|Pic 1: One of these|
You have some food colouring
|Pic 2: One of any of these|
Out of interest, you add a drop of food colouring into the glass of water, then another one and another one. You realise that the water is changing colour, it's taking on the colour of the food colouring. You stir the water and the colour change is uniform, all the water in the glass is the same shade. You become intrigued and write out a hypothesis (a practical argument that attempts to answer the question "what is happening here?") to explain what is happening. Your hypothesis is that as food colouring spreads through the water it changes the colour of the water and the colour change gets stronger as more food colouring gets added. Stirring the water makes the change uniform because the food colouring becomes evenly distributed. Now you are ready to set up an experiment to test your hypothesis.
You arrange many glasses of water in a row, all the same size and shape and temperature, and you arrange measured tubes of food colouring, again all the same, above the water so that the food colouring drops out at the same rate all along the row (chemists and chem students should know this as a titration set-up).
|Pic 3: Lots of these|
Behind each glass of water you place a colour chart so you can track the colour change. In this way you can carry out many experiments at the same time that are the exact same as each other. You find that every glass of water reaches the same colour saturation at, or close around the same amount of food colouring and that in every case, stirring the water makes the change uniform. You find this same result in hundreds of glasses of water. You are happy.
|Pic 4: Yes, that happy|
You describe your experiments in such a way that anyone in the world can set up the same kind of equipment and materials and get the same result. To this you add your hypothesis, your results, and your conclusions (conclusions being what happens when you compare your original hypothesis to your results). You send off the paper (as this is what you have written) to a scientific journal to be reviewed. The journal sends copies of your paper to several other scientists so they can check what you have written. After testing your results by following the instructions you gave in the paper, the answer is "Yes, the experiment is sound, the results match what we got, we agree with the conclusion, this paper is fit to print." You are now a published scientist and you are delighted.
|Pic 5: However you wish to celebrate|
You continue your work on food colouring and water, testing all of different factors that can have an impact like changes in temperature, pressure, salinity, chemical composition etc., etc., publishing more papers and working with different groups as you go. You are not the only one doing this anymore. Many scientists all over the world read your original paper and are not only closely following your work and progress but are also doing their own experiments on the premise of food colouring and water. Some have taken different dyes than food colouring, some have taken different liquids than water, but they and you are all pursuing the same goal; how does it work? What makes this happen? What are the mechanics of the process?
|Pic 6: Pondering...|
Over time the original hypothesis become hypotheses (plural) and they get more and more defined and specialized to explain the results that come from more and more specialized experiments and better instruments that can track the change to a much finer degree.
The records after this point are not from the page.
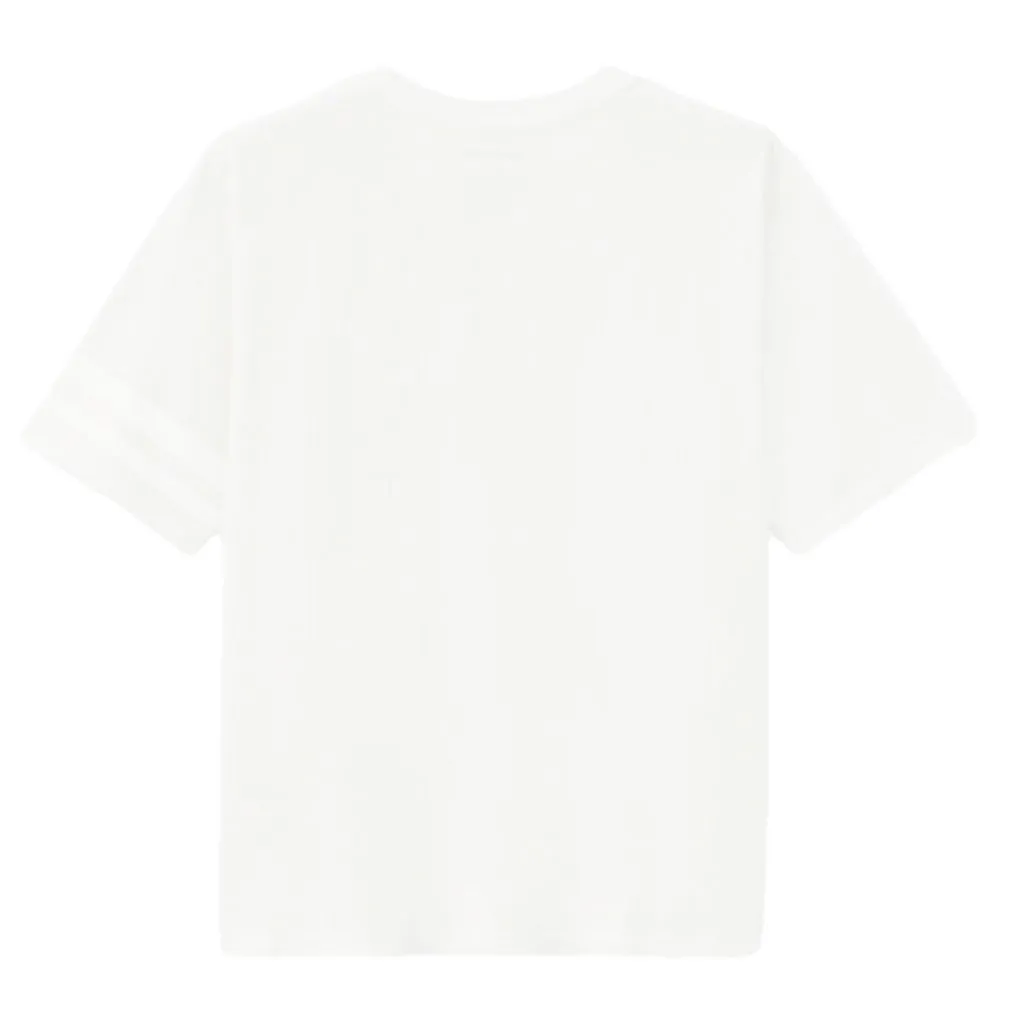 Momotaro Suvin Gold GTB S/S Tee (White) sold by Okayama Denim product image thumbnail 4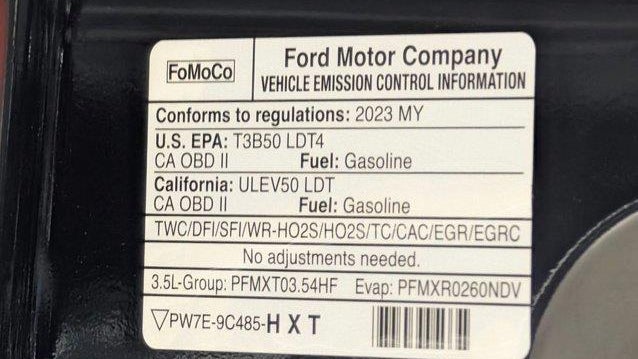2023 Ford Expedition MAX Platinum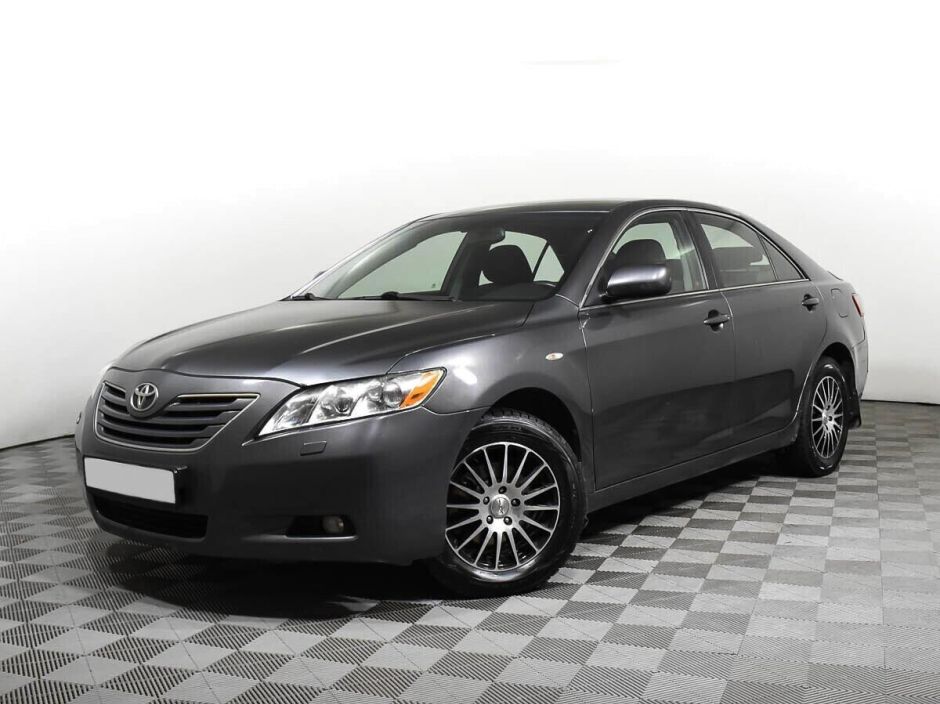 Toyota Camry 2.4 АКПП, 2006, 209 000 км фото 1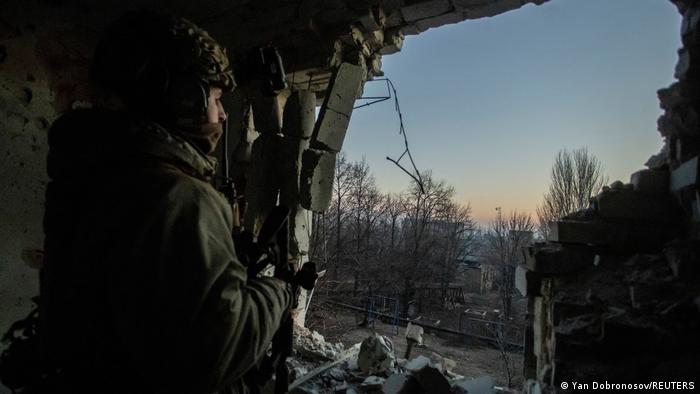 Ukraine Krieg | Bachmut
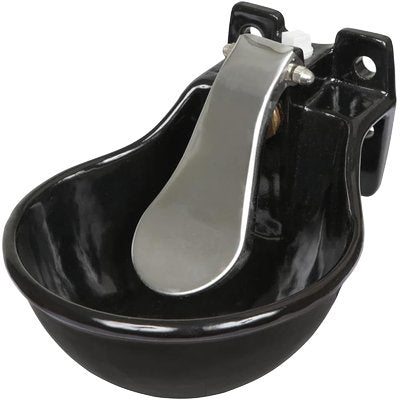 ABBEVERATOIO BOVINI BATTIMUSO INOX KERBL GHISA VERNICIATA LT 1,45 CM 20,5 1/2 Immagine principale del prodotto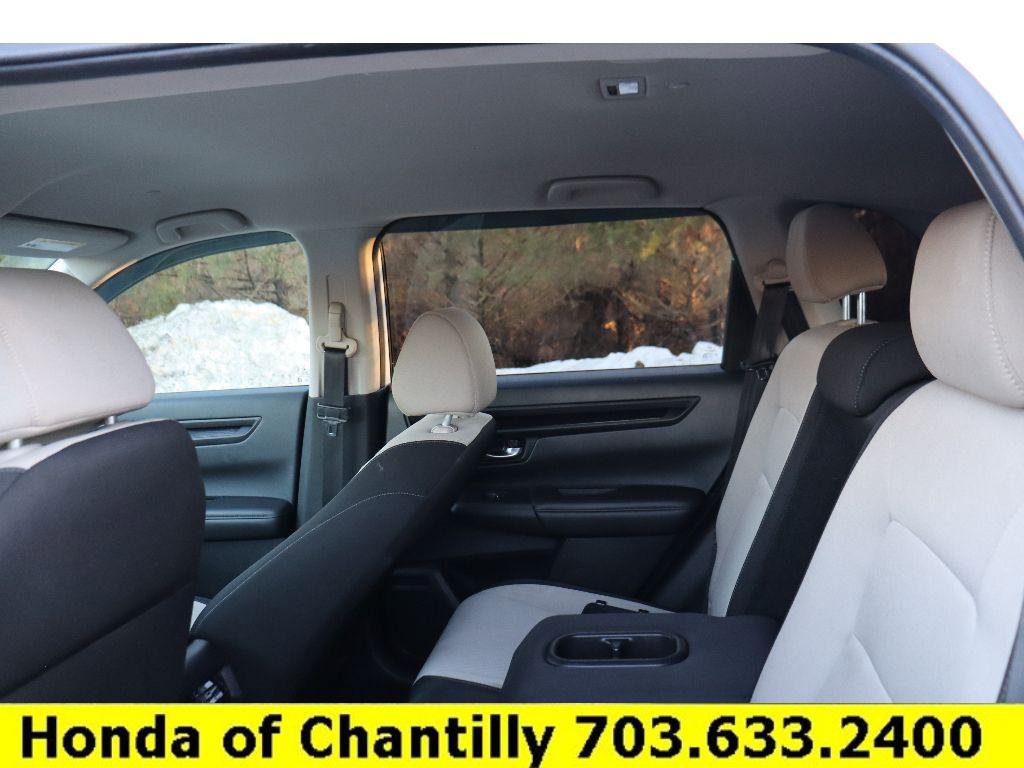 Certified 2025 Honda CR-V LX image 24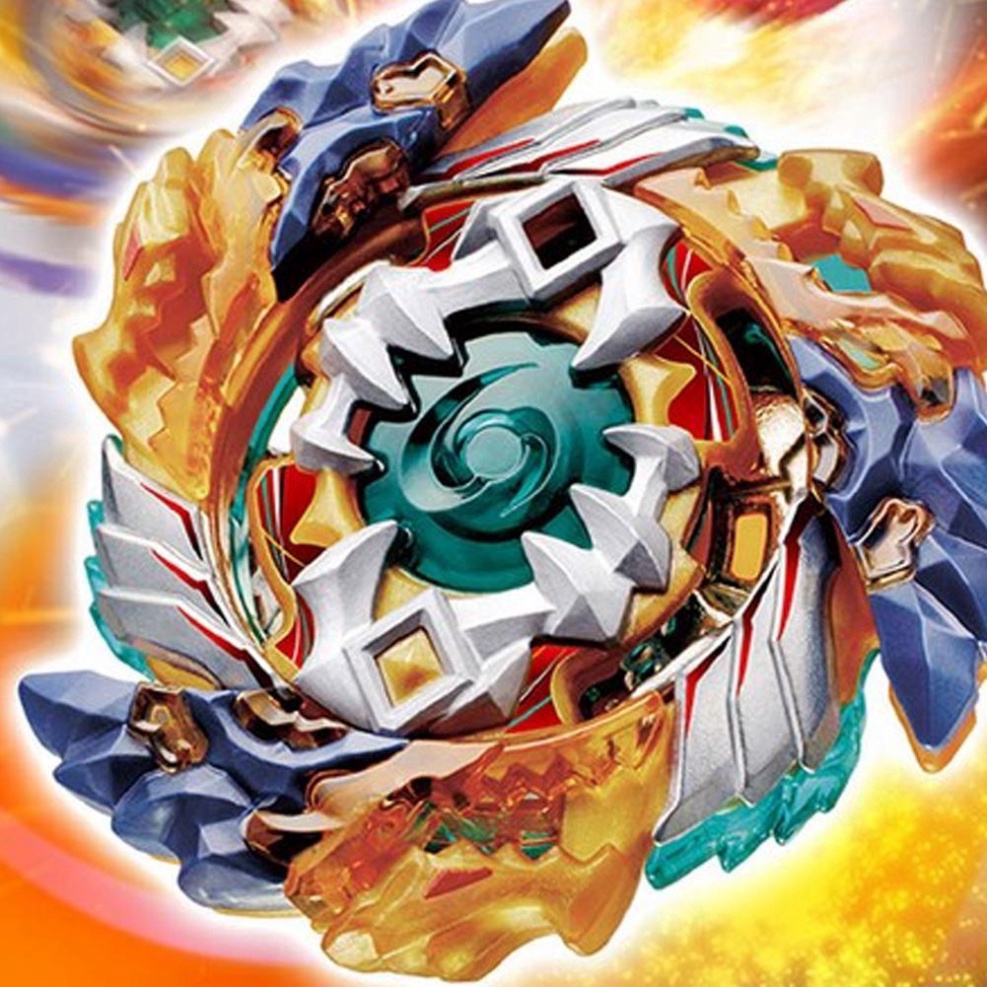 Con quay đồ chơi Burst Beyblade Geist B-122 Fafnir.8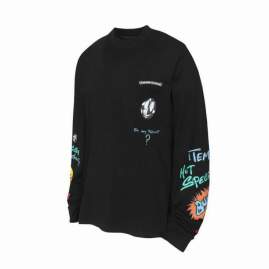Picture of Chrome Hearts T Shirt Long _SKUChromeHeartsS-XLaztxC5250238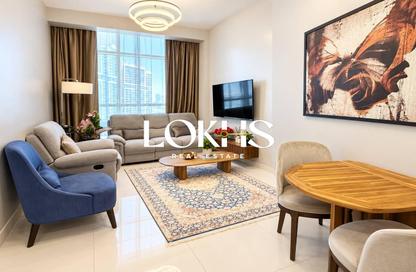 Apartment - 1 - 2 for sale in Artesia D - Artesia - Damac Hills - Dubai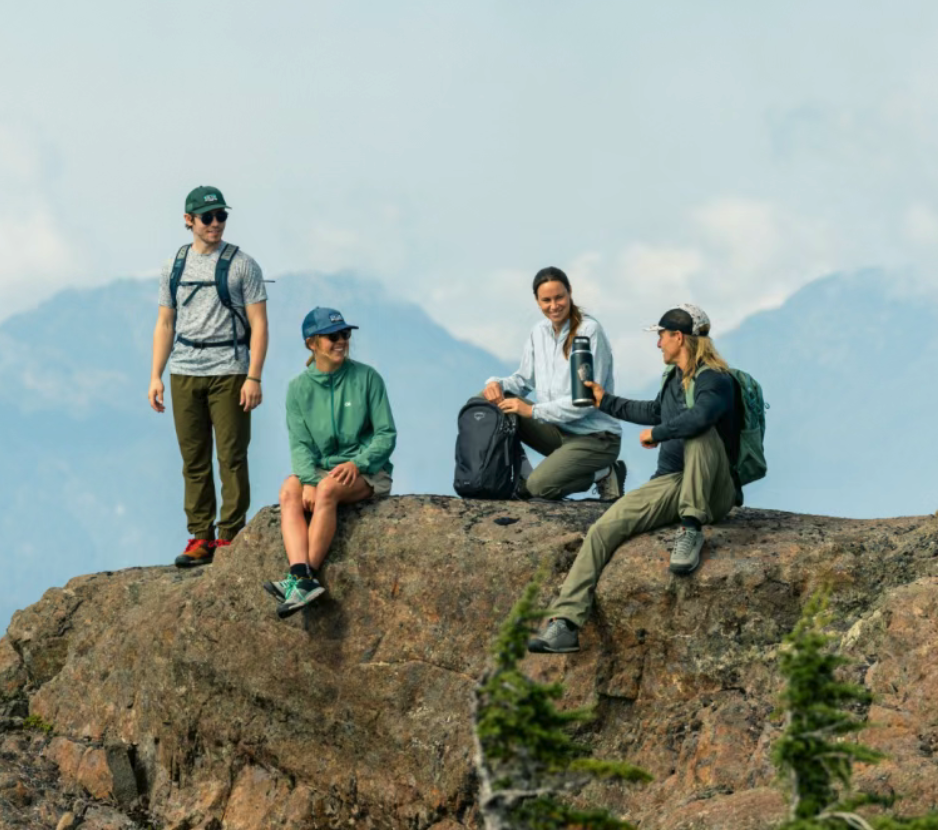 真正的探險，是你邁出家門那一刻的期待｜OR 26春夏軟殼風殼上新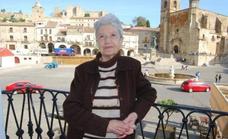 La ciudad despedirá hoy a María Teresa Pérez-Zubizarreta, que falleció ayer por la mañana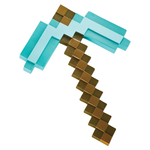 Minecraft Diamond Pickaxe replika 40cm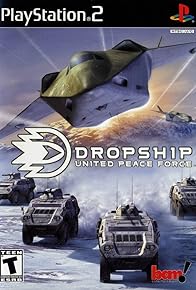 Primary photo for Dropship: United Peace Force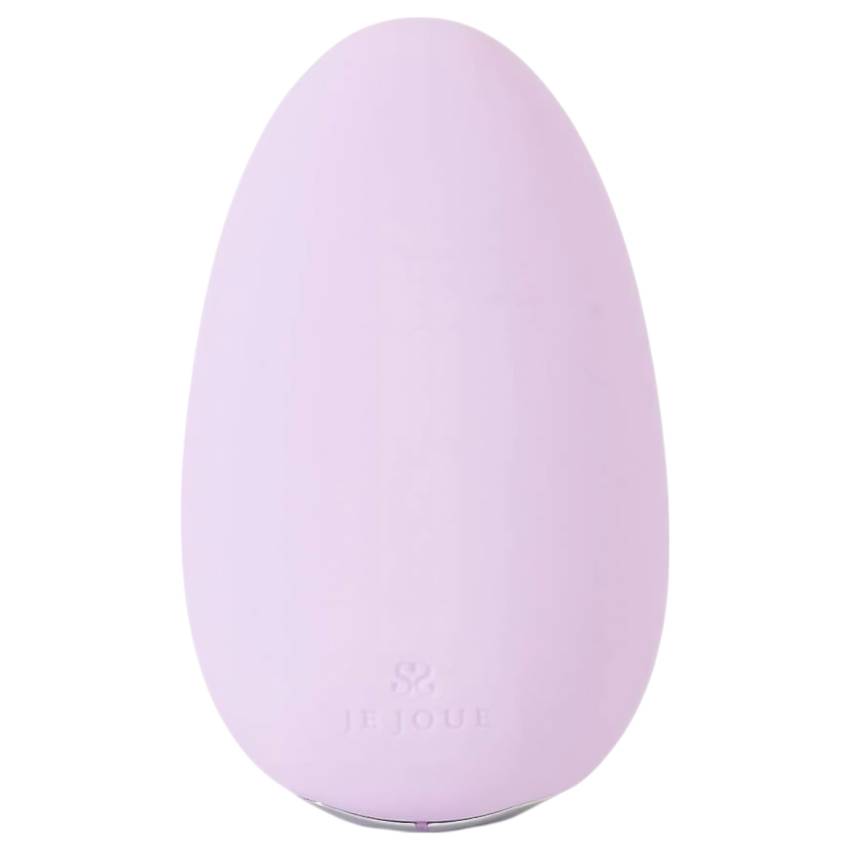 Je Joue Mimi Soft - akkus, vízálló csikló vibrátor (viola)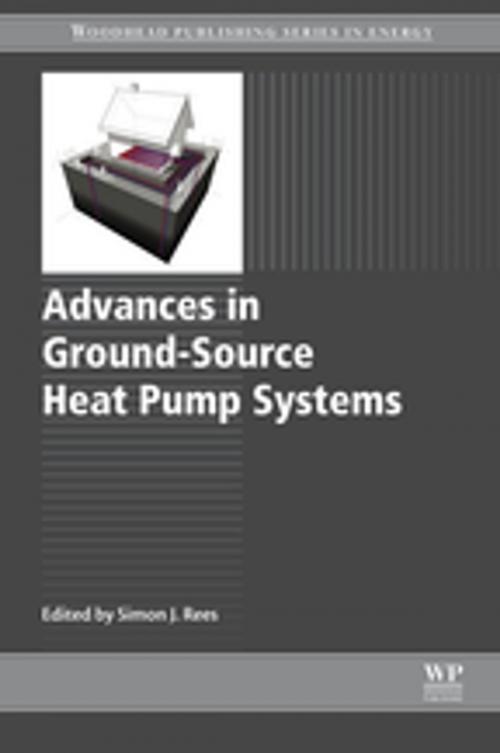 Cover of the book Advances in Ground-Source Heat Pump Systems by , Elsevier Science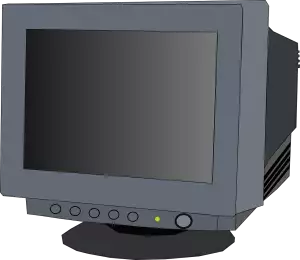 Crt Monitor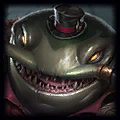 Tahm Kench - the River King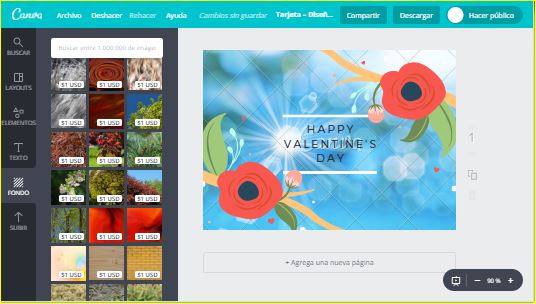 Canva, crea diseños gráficos atractivos online
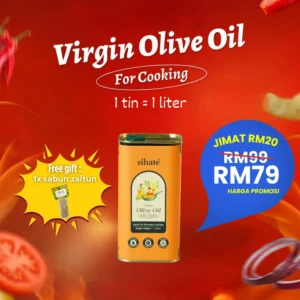 1 Minyak Masak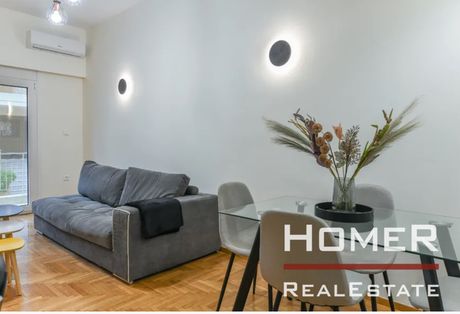 Apartment 48sqm for sale-Kipseli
But the original premise of dye + liquid = colour change remains the same because no-one has been able to come up an experiment that proves it wrong. (This, by the way is what you actually do in a scientific experiment, you try to prove things wrong.) Over time, there is enough evidence that you can form a General Theory of Colour Change in Liquids and it is accepted by the general scientific community as it appears to explain what's going on on a large scale.
Now, here comes a new paper that describes an experiment carried out that shows the basic mechanism to be something different than what everyone thought. A research lab working with a new machine with a different detector method has carried out experiments to show that it is not just the dye but how that dye interacts with the oxygen in the liquid to change the liquid's colour. These new results show that while the original and accepted observation is correct, the mechanics of the process were misunderstood because the observational machinery was not able to get to the lowest layers where the action was taking place. In other words, the liquid changes colour, but not for the reasons everyone thought.
|Pic 7: WTF Meatloaf?!|
Every lab that has this new machine and new detector copies and expands on these new experiments and the results come back, "Yes, we agree. This is actually how it works." You yourself run the same experiments and come up with the same results and draw the same conclusions. Your theory is proven to be fundamentally flawed. What is your reaction now?
|Pic 8: Well....no.|
A real scientist would be happy. Happy because the mechanism of food colouring changing the colour of water is being more accurately described. Because the point of science is to make our knowledge match what is in the real world. If you spend time trying to chase down the wrong idea, you are wasting your time. Your accepted theory on how dyes change the colour of liquids was not accurate, it did not reflect what really happened at the atomic level. Thanks to these new results, you don't have to waste any more of your time running experiments under the old theory. You can go on to something else.
|Pic 9: Yep|
This is why real science is different from any other discipline. Scientists are expected to chase knowledge, wherever it lies and whatever it leads to. In return, scientists demand proof. They demand replicable experiments and will dismiss anything else. No anecdotes, no personal experiences, no heart-stirring stories. Proof.